The answer must be the full listing, word for word, with no pictures in it.

__Information supplied__
* * * * * * * * *

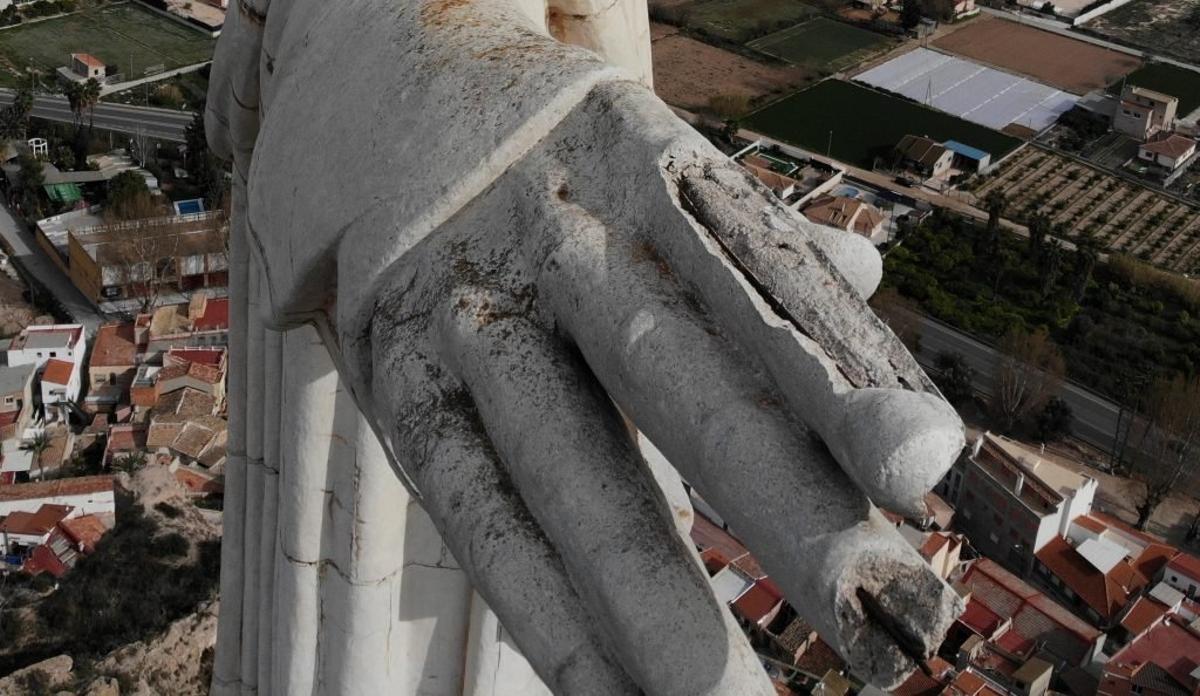 Desprendimientos del hormigón en la una de las manos del Cristo de Monteagudo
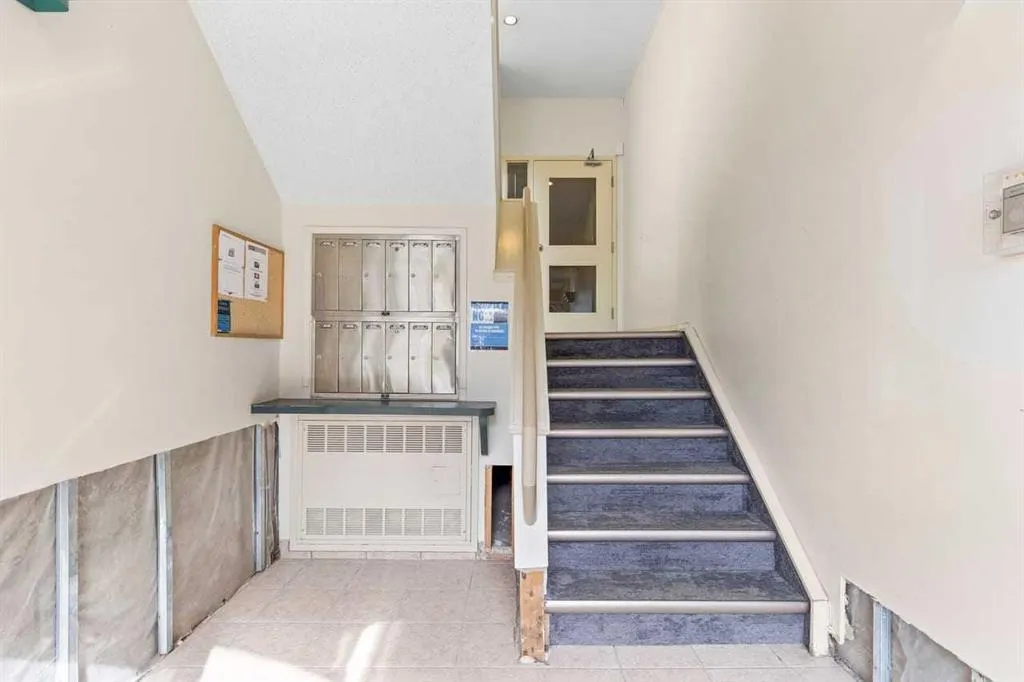 2611 Edenwold Heights NW, #11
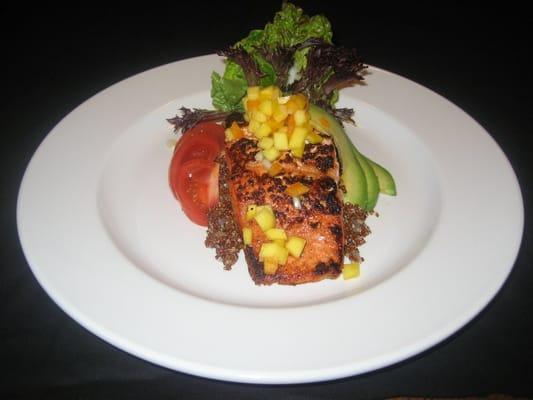 Grilled Salmon with Fresh Vegetables and a Mango Salsa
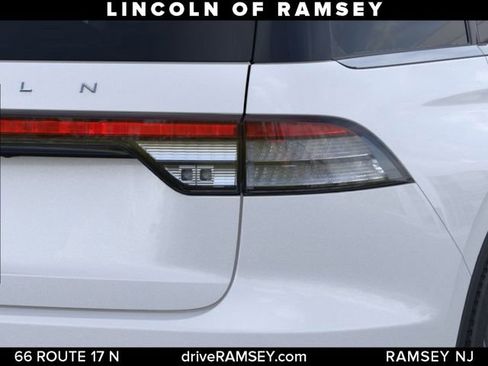 New 2026 Lincoln Aviator AWD image 22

* * * * * * * * *

__Exercise solution__
 Desprendimientos del hormigón en la una de las manos del Cristo de Monteagudo
 2611 Edenwold Heights NW, #11
 Grilled Salmon with Fresh Vegetables and a Mango Salsa
 New 2026 Lincoln Aviator AWD image 22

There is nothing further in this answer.